◆ WORK REQUIRED ◆
Your reply should be the records below, duplicated exactly, with any picture removed.
• • • •
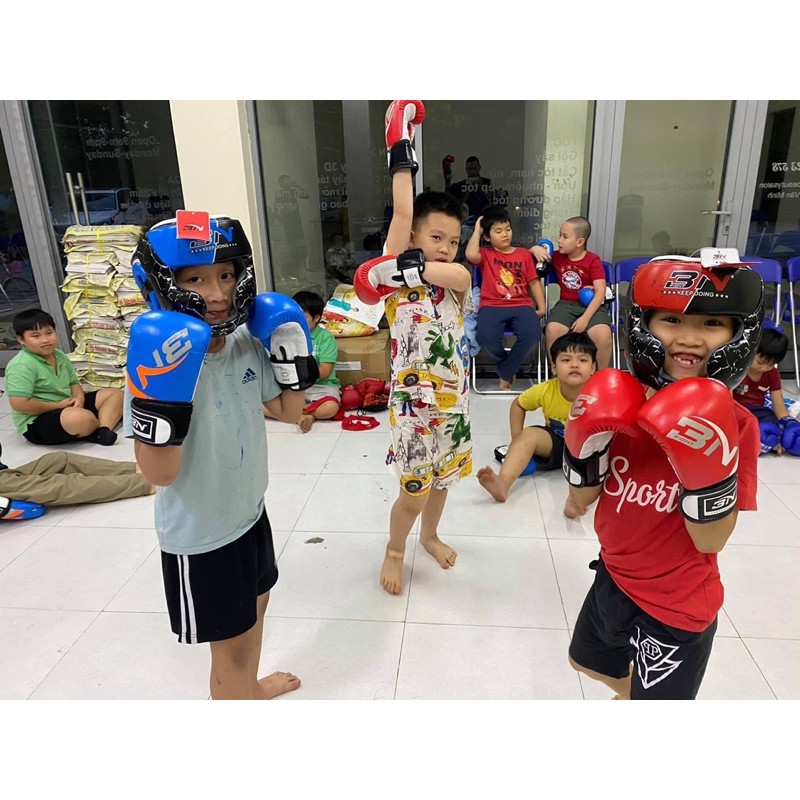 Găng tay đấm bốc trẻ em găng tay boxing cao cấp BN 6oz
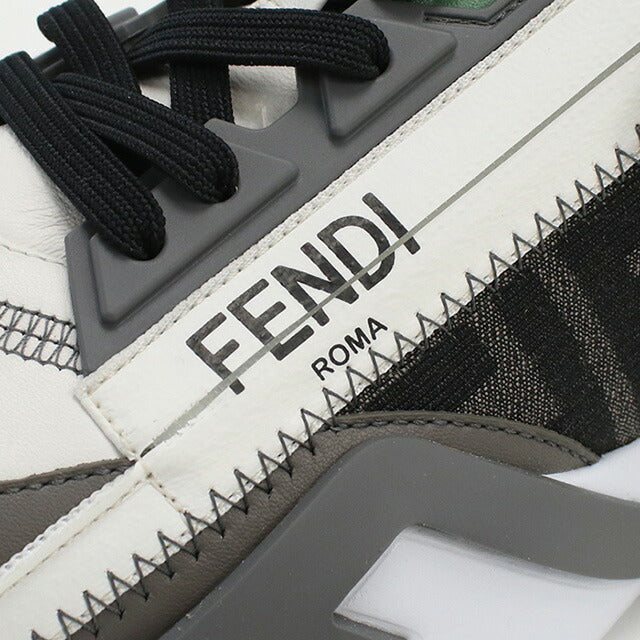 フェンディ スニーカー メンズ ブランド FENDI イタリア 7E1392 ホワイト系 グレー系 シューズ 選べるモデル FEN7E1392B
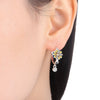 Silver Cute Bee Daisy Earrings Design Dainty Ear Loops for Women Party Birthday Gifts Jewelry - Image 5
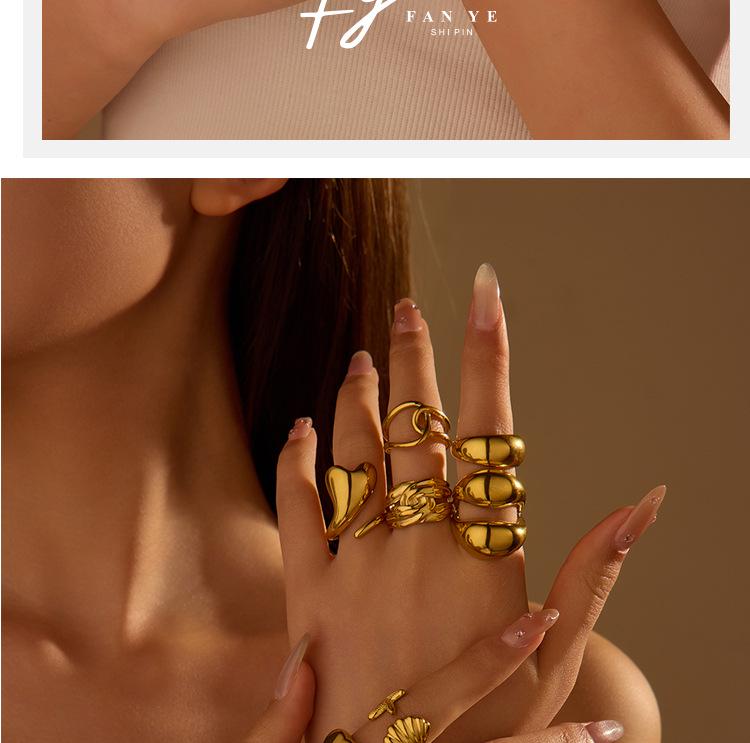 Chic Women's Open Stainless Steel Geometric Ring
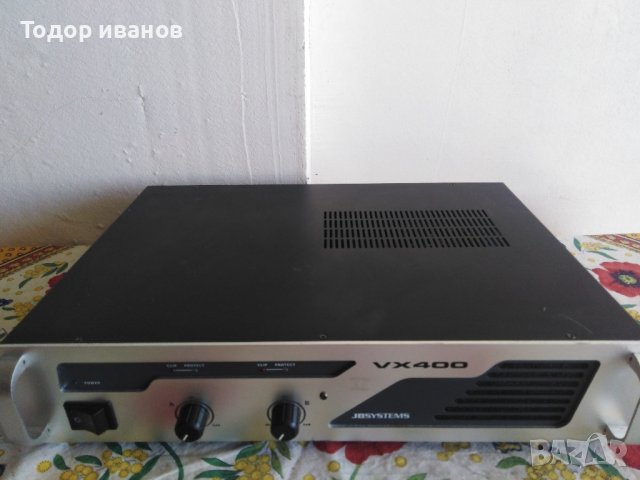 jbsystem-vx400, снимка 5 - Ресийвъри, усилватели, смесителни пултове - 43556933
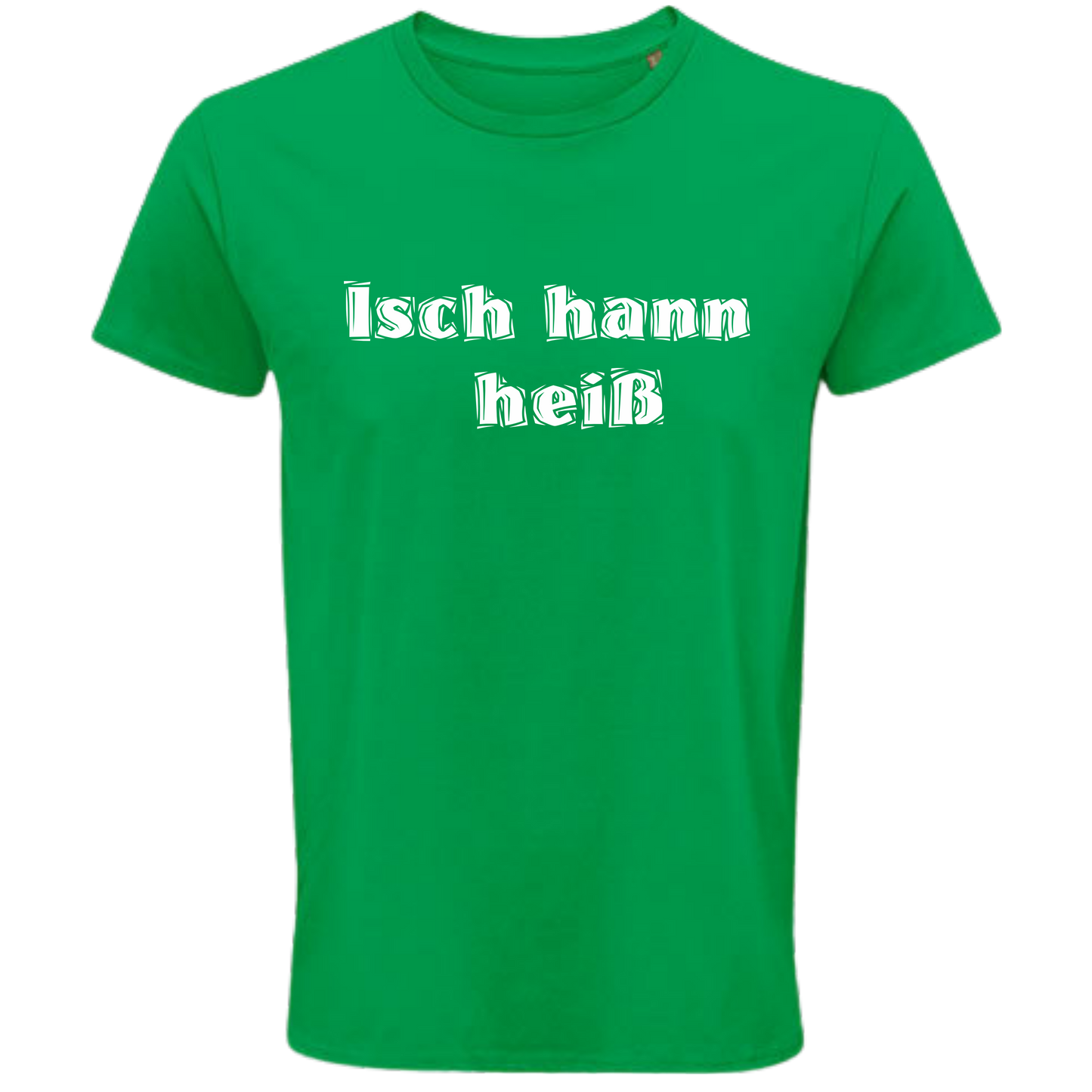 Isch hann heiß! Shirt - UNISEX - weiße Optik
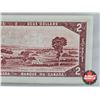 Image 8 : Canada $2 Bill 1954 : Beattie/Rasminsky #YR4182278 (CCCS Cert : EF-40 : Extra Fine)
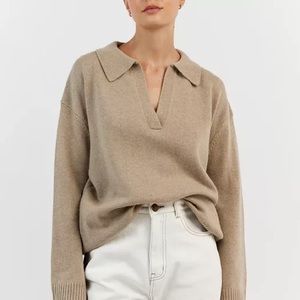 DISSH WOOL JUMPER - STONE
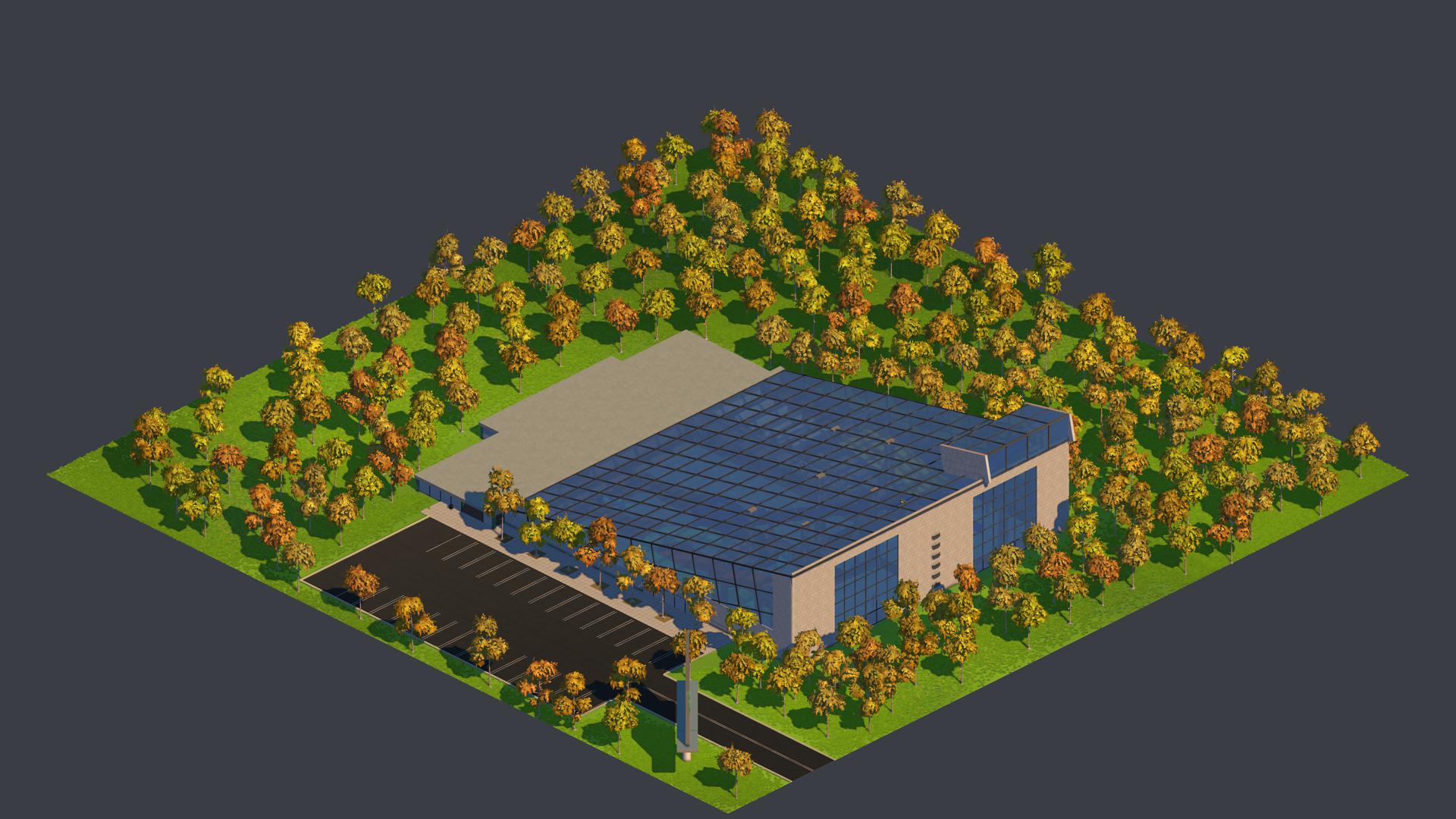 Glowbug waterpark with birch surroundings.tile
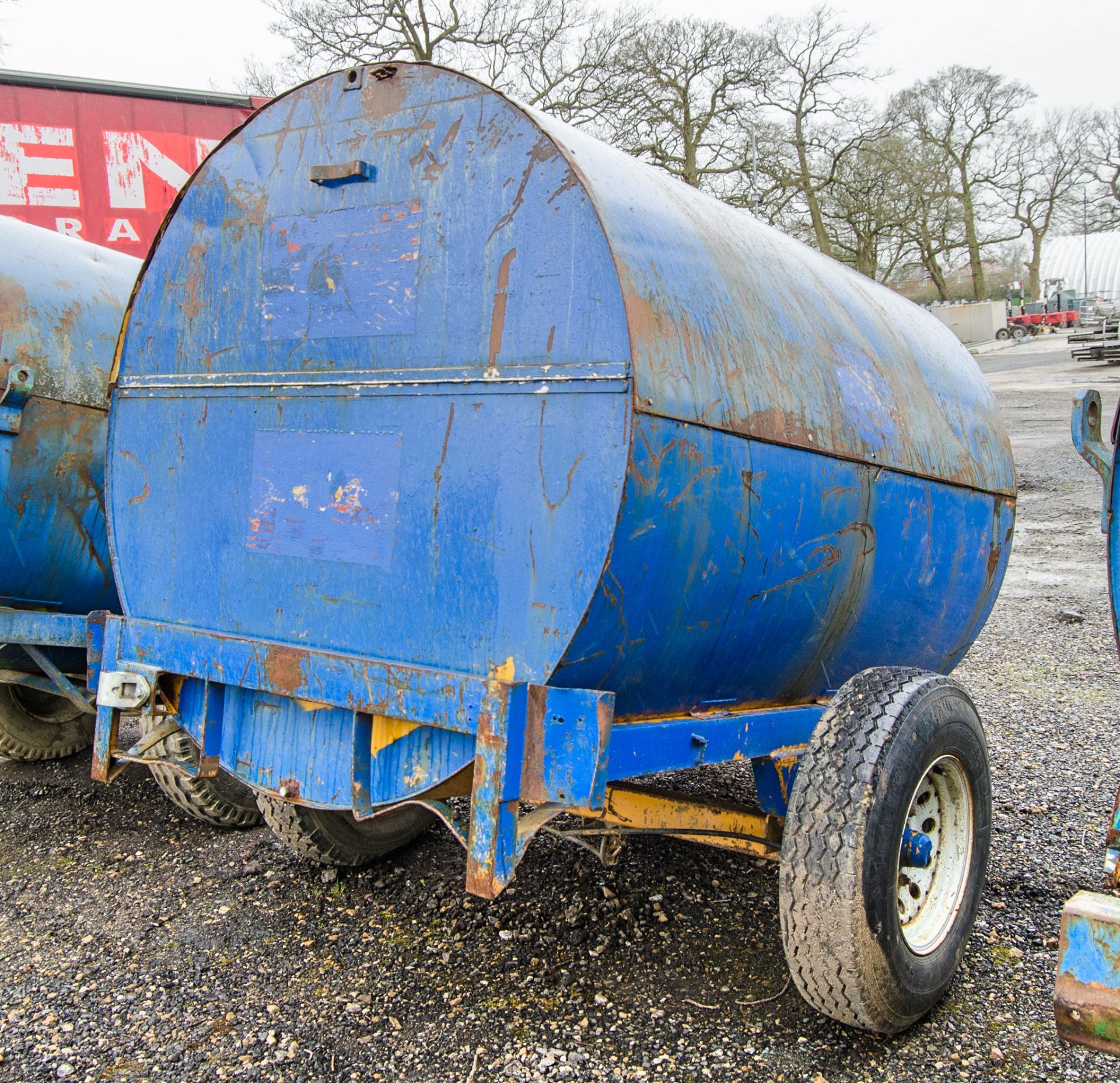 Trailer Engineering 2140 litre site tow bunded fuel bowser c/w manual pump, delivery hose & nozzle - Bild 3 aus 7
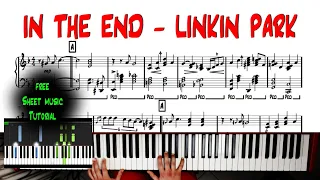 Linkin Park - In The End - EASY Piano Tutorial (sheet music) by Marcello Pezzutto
• • • •
◆ EXERCISE RESPONSE ◆
 Găng tay đấm bốc trẻ em găng tay boxing cao cấp BN 6oz
 フェンディ スニーカー メンズ ブランド FENDI イタリア 7E1392 ホワイト系 グレー系 シューズ 選べるモデル FEN7E1392B
 Silver Cute Bee Daisy Earrings Design Dainty Ear Loops for Women Party Birthday Gifts Jewelry - Image 5
 Chic Women's Open Stainless Steel Geometric Ring
 jbsystem-vx400, снимка 5 - Ресийвъри, усилватели, смесителни пултове - 43556933
 Isch hann heiß! Shirt - UNISEX - weiße Optik
 Image 8 : Canada $2 Bill 1954 : Beattie/Rasminsky #YR4182278 (CCCS Cert : EF-40 : Extra Fine)
 DISSH WOOL JUMPER - STONE
 Glowbug waterpark with birch surroundings.tile
 Trailer Engineering 2140 litre site tow bunded fuel bowser c/w manual pump, delivery hose & nozzle - Bild 3 aus 7
 Linkin Park - In The End - EASY Piano Tutorial (sheet music) by Marcello Pezzutto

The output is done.